Le bourg fortifié d’Ambérieu est mis à sac et entièrement brûlé le 12 avril 1321 ; le comte de Savoie fait détruire les murailles, et un nouveau bourg est fondé en 1325 — l’actuel quartier du vieux Saint-Germain. Le 17 janvier 1601, le traité de Lyon rattache le Bugey à la France, dans le cadre de l’accord entre le duc Charles-Emmanuel de Savoie et le roi Henri IV.
Durant la Seconde Guerre mondiale, la ville constituait un centre ferroviaire utilisé par la Wehrmacht pour ses liaisons entre l’Allemagne et l’Italie. Dans la nuit du 7 juin 1944, cheminots et maquisards mettent hors service 52 locomotives. La ville est libérée le 3 septembre 1944 et reçoit le surnom d’« Ambérieu la Rebelle », ainsi que la Croix de guerre 1939-1945 avec citation.
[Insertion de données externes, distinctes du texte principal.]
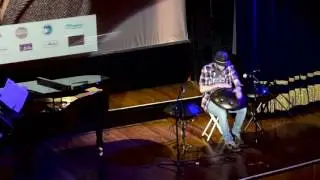 Dorian Rush - Handpan Live at International Garda Lake Festival 2017 - Italy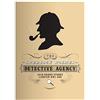 The Unemployed Philosophers Guild Sherlock Holmes Notebook - 7 x 4.75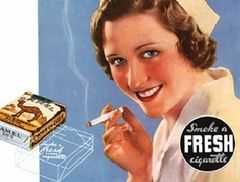 Cum aratau reclamele la tigari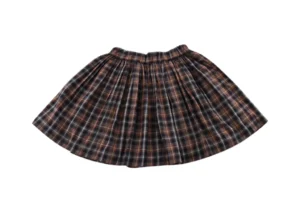 bonpoint girls checked skirt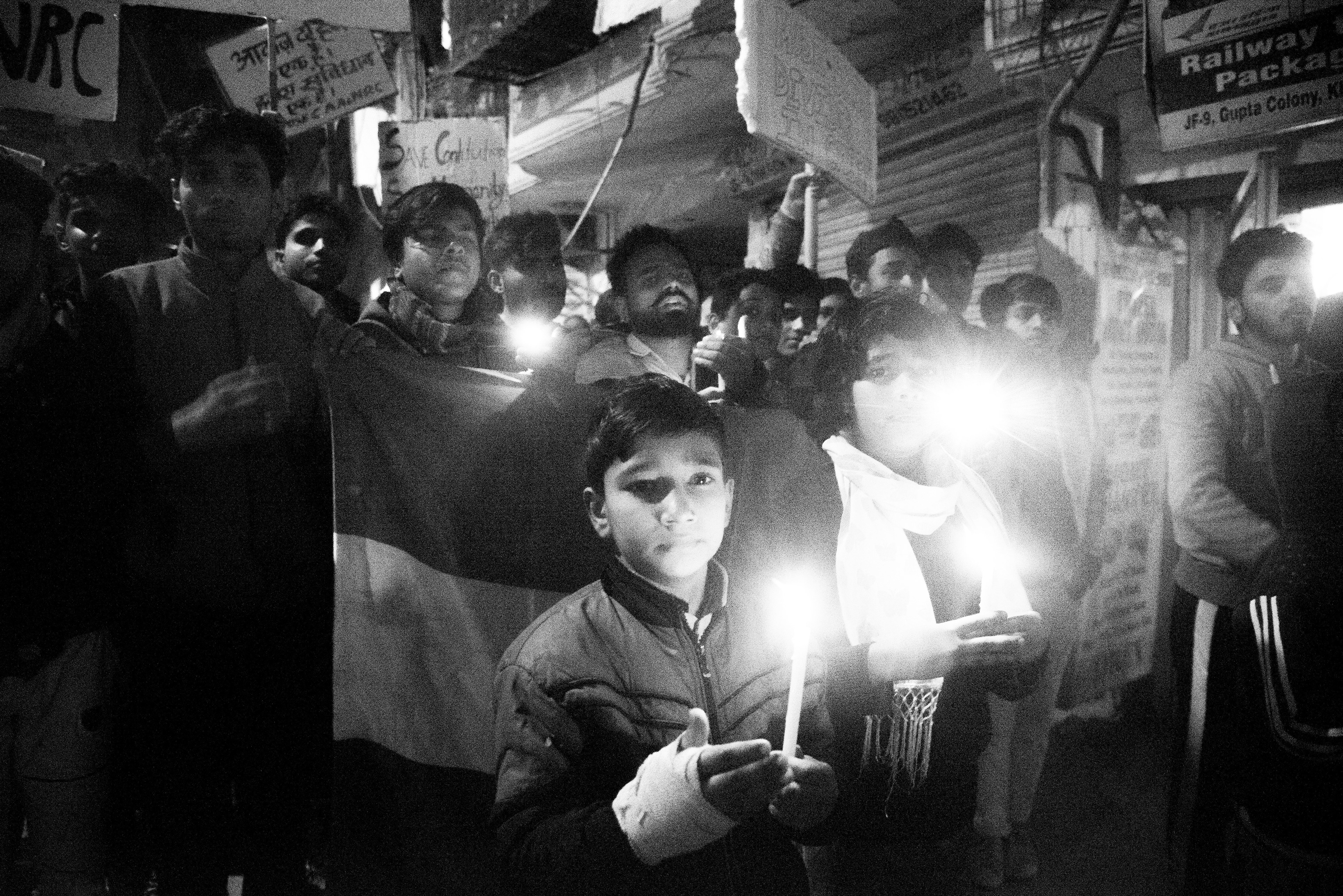 Women and Children were the forerunners of the protest, Shaheen Bagh, 2019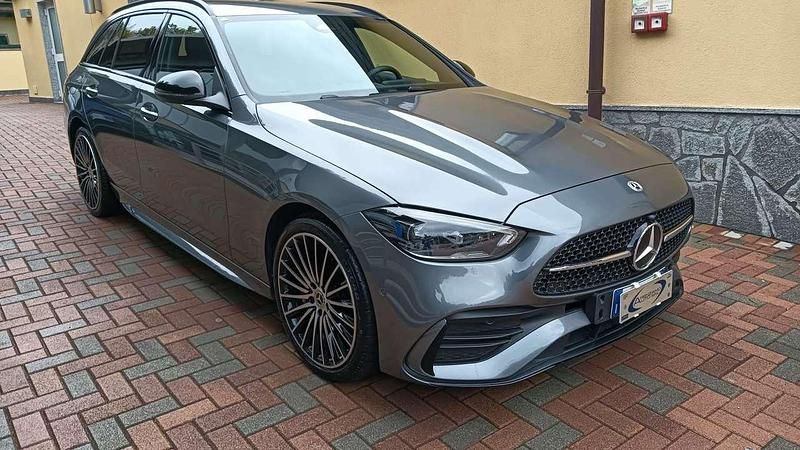 Usata Mercedes C220 Edition 197 CV (144 kW) 2025 Grigio Station wagon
Toponymie d’Ambérieu-en-Bugey
Le nom est attesté sous la forme Ambariacus en 853, puis Ambayreu en 1240. Le premier élément renvoie au peuple gaulois des Ambarres, dont le nom signifie « vivant des deux côtés de la Saône ». Le second élément, le suffixe d’origine gauloise -āko(n) latinisé en -acum, a évolué en -ieu dans la région. Le 31 mars 1955, la commune prend officiellement le nom d’Ambérieu-en-Bugey pour se distinguer de ses homonymes.
Patrimoine religieux à Ambérieu-en-Bugey
La chapelle Notre-Dame de la Côte, à Saint-Germain, remonte au XVIIIe siècle. Elle abrite un retable en bois polychrome du XVIe siècle, classé au titre des monuments historiques, représentant des scènes de la vie de la Vierge en sept tableaux, ainsi que des vitraux figurant Blanche de Castille et sainte Catherine. L’église Saint-Roch des Allymes renferme une toile de 1606 de Vespasianus Longus, également classée monument historique, représentant La Vierge au Rosaire, saint Dominique et sainte Catherine de Vienne. L’église Saint-Symphorien, édifiée au XIXe siècle, se trouve en centre-ville ; une église dédiée à saint Jean-Marie Vianney, du XXe siècle, est implantée dans le quartier de la gare.